Once leveled, the filling machine will need to be adjusted for the bottle to be run.  This includes not only adjusting conveyor rails and fill heads, but setting the correct parameters on the operator interface.  Automatic liquid fillers will include a PLC and touchscreen interface to make such set up as easy as possible.  However, even with the help of the interface, finding delay and duration times for indexing, pump speeds, fill times and other parameters can be time consuming.  Many times, recipes will be included by the manufacturer for each bottle to be run and saved to the PLC.  In these instances, the operator need simply recall the correct recipe to complete setup.  It is a good idea, however, for an operator to be trained in setting up these parameters so as to be prepared should a new bottle or bottles be introduced to the packaging line in the future.

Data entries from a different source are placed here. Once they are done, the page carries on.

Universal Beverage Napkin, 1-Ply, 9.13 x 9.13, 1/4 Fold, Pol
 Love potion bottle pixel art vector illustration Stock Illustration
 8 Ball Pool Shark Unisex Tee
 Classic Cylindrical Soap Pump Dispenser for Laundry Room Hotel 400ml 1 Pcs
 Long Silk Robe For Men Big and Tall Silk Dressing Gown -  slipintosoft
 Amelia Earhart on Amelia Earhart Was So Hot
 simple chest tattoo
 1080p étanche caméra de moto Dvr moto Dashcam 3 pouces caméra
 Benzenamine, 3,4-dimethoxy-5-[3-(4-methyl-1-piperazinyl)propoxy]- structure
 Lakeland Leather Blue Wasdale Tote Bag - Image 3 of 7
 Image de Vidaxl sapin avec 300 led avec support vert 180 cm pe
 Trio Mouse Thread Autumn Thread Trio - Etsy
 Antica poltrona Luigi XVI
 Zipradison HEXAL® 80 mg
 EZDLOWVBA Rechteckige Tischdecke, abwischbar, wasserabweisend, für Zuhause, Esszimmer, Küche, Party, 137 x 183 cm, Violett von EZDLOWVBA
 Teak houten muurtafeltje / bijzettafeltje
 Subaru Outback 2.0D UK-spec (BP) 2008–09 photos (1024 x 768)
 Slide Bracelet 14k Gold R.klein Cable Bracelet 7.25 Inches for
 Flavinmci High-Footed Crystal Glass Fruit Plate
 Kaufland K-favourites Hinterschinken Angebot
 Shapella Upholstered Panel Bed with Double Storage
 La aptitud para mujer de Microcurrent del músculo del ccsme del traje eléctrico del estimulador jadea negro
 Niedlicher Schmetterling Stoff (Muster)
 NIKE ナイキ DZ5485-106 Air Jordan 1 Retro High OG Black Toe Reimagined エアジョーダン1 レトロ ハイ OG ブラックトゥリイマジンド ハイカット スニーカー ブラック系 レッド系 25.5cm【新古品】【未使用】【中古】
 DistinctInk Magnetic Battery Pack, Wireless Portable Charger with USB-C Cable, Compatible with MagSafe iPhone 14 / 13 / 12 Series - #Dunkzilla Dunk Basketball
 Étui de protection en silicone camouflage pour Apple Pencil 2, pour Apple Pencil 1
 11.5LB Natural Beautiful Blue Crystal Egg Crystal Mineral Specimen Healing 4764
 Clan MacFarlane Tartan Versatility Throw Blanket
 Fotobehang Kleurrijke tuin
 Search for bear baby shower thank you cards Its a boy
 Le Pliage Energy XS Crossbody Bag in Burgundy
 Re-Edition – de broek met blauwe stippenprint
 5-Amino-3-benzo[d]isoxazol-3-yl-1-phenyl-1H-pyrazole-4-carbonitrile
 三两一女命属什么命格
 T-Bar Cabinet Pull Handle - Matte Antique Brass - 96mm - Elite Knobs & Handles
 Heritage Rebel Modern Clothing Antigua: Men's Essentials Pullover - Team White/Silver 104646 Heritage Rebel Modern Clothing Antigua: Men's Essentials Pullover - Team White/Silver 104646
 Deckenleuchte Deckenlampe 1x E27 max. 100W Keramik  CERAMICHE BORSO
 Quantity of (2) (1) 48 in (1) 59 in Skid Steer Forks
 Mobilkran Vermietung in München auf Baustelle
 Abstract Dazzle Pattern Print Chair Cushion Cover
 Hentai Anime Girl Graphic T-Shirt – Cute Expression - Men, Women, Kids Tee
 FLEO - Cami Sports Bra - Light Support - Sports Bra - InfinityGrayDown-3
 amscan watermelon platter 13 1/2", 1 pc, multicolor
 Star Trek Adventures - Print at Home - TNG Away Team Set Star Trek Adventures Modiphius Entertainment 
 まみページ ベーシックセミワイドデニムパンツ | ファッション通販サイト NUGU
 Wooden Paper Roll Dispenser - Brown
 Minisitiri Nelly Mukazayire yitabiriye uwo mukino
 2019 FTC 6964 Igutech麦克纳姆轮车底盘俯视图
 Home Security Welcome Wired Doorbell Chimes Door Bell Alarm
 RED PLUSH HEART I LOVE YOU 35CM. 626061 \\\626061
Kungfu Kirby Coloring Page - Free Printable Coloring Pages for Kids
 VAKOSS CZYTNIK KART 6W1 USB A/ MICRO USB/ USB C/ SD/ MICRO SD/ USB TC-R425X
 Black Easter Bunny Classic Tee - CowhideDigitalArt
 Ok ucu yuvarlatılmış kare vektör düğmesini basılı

Change over refers to moving from one bottle to another during production runs, usually consisting of changing from one size to another.  In these scenarios, the operator will generally have to perform the same tasks as the initial set up - adjust rails, adjust fill heads, adjust parameters - less the leveling of the filling machine itself. 
Again, when recipes are saved by the manufacturer of the filler, the operator can simply recall the correct recipe and forego setting all the parameters (rails and fill heads will still need to be adjusted, along with any other physical changes necessary).  The ability to set parameters is still a good skill for an operator to acquire for the same reasons noted above.


Automatic filling equipment includes wear parts, which will differ depending on the type of filling machine being used. An overflow filler, for example, will include nozzle seals that may need to be replaced from time to time.  Certain products may wear tubing out over time, leading to the need for replacements.  The operator of the automatic filling machine will need to shut down the machine and change these parts out when necessary.

Routine maintenance should also include the regular cleaning of the equipment.  Depending on the type of filler, the product being used and the packaging environment, different methods of cleaning may be necessary, from simply spraying down the equipment to wiping it clean or even running a cleaning agent through the machine after each production run.  In general, the equipment should be kept free from dust, debris or product buildup that could cause the machine to malfunction or take away from the useful life of the equipment.

Some automatic fillers will also come equipped with Clean In Place (CIP) systems that will run cycles through the product pathway and do much of the cleaning for the operator.  In these cases, the operator will once again use the interface to set clean times and cycles, making this portion of maintenance as simple as pushing a button.


Finally, an operator will be used to simply monitor the filling machine and other equipment on a packaging line.  Monitoring may be coupled with tasks such as replenishing bottles and caps when necessary.  In general, the operator is looking for tipped bottles, bottle jams and other issue that can affect the performance of the machinery.  Typically, the operator will monitor the entire line, as an issue on one machine will eventually cause problems up and down the entire line.  Operators may be assisted in monitoring the line and clearing issues with tools such as stacked alarm lights, interface alarm screens and E-stop buttons.  The first two tools help to alert the operator of an issue while E-Stop buttons allow the operator to immediately shut down the line and clear any problems.

Of course, different filling machines, and different packaging lines, will force the operator to perform different functions.  The above is a basic and typical overview of what would be required of an operator of a filling machine.  Whenever acquiring new packaging equipment, ensure that the necessary tasks of the operator are understood to avoid start up surprises and ensure proper training and safety.